─── COLLECTED DATA

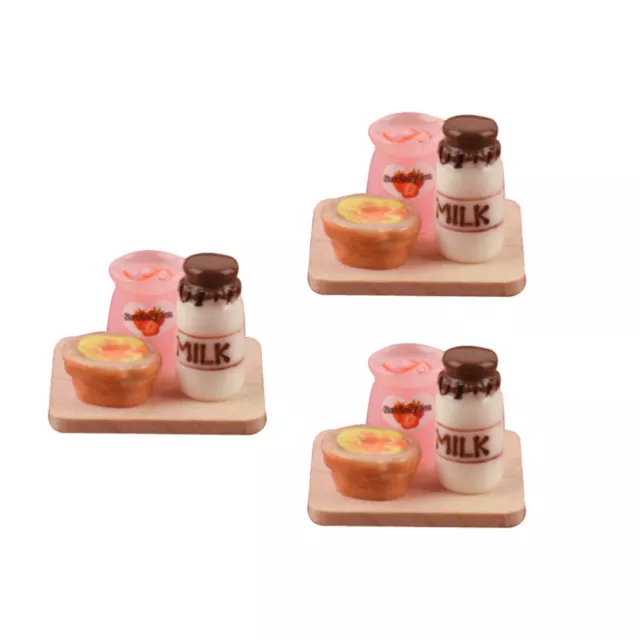 3 Pcs Mini Marmelade Miniatur-Lebensmittelfiguren Holzmodell-Ornament Möbel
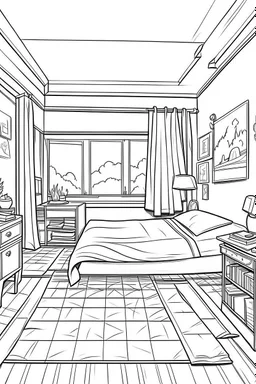 Outline art, simpl House interior design, bedroom, cartoon style, thick lines, low details, --ar 9:11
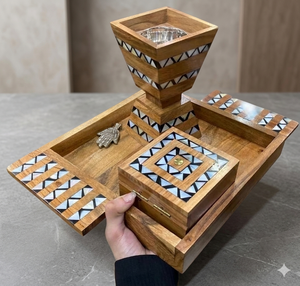 Quemador de incienso islámico personalizado India madre perla madera Bakhoor soporte eléctrico bergamota sándalo aroma para uso religioso - Product Image 1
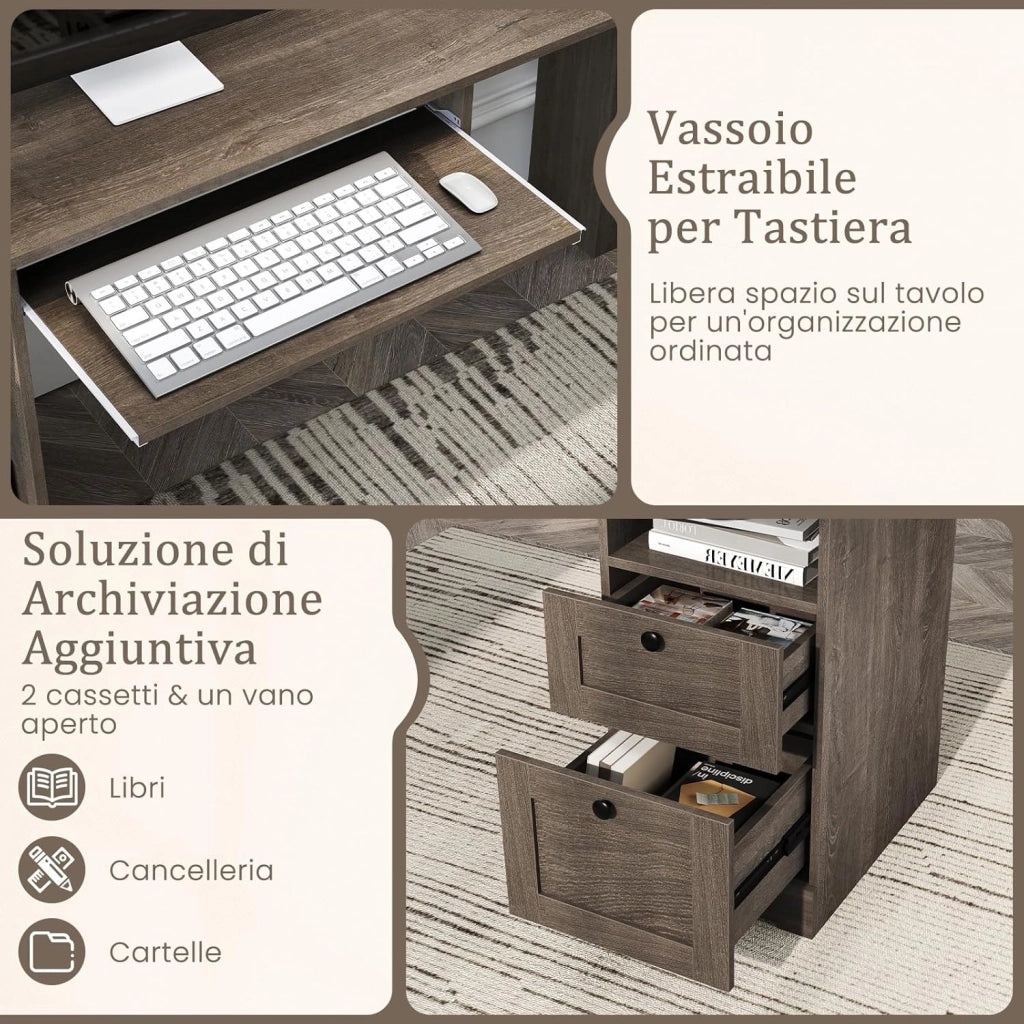 Scrivania ad Angolo a Forma di L, Scrivania per Studio in Legno con 2 Cassetti, Tavolo per computer per Ufficio Studio, 168 x 168 x 76 cm (Grigio)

──────

§ BRIEF: A word-for-word copy of the listing is needed, with no pictures in it.

§ REPLY:
 3 Pcs Mini Marmelade Miniatur-Lebensmittelfiguren Holzmodell-Ornament Möbel
 Outline art, simpl House interior design, bedroom, cartoon style, thick lines, low details, --ar 9:11
 Quemador de incienso islámico personalizado India madre perla madera Bakhoor soporte eléctrico bergamota sándalo aroma para uso religioso - Product Image 1
 Scrivania ad Angolo a Forma di L, Scrivania per Studio in Legno con 2 Cassetti, Tavolo per computer per Ufficio Studio, 168 x 168 x 76 cm (Grigio)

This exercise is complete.